▸ Task directions
Please copy every line below that contains the string "light".

⟨

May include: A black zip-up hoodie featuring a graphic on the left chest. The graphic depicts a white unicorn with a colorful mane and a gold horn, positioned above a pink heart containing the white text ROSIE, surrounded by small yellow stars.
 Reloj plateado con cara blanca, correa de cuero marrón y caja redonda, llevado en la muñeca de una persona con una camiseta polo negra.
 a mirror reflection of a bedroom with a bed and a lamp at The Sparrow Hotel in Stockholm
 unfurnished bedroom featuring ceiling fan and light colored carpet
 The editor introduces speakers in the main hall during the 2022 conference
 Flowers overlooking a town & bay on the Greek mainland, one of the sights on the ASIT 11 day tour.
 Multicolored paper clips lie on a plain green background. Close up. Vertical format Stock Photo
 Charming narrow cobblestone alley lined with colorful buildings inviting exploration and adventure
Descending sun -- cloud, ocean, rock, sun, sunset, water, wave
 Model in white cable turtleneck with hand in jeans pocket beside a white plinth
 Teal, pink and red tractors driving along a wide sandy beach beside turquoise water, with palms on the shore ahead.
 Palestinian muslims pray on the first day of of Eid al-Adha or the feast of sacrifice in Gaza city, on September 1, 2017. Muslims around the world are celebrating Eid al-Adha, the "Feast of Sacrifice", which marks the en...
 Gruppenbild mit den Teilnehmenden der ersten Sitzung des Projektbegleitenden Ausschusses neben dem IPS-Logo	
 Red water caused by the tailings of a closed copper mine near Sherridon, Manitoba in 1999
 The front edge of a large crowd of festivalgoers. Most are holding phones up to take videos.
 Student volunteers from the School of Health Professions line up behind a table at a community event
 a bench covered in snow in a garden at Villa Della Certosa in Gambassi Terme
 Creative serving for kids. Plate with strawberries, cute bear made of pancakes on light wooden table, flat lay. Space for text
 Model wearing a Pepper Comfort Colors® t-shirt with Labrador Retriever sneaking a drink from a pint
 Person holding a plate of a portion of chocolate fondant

⟩

▸ Response to the task
 unfurnished bedroom featuring ceiling fan and light colored carpet
 Creative serving for kids. Plate with strawberries, cute bear made of pancakes on light wooden table, flat lay. Space for text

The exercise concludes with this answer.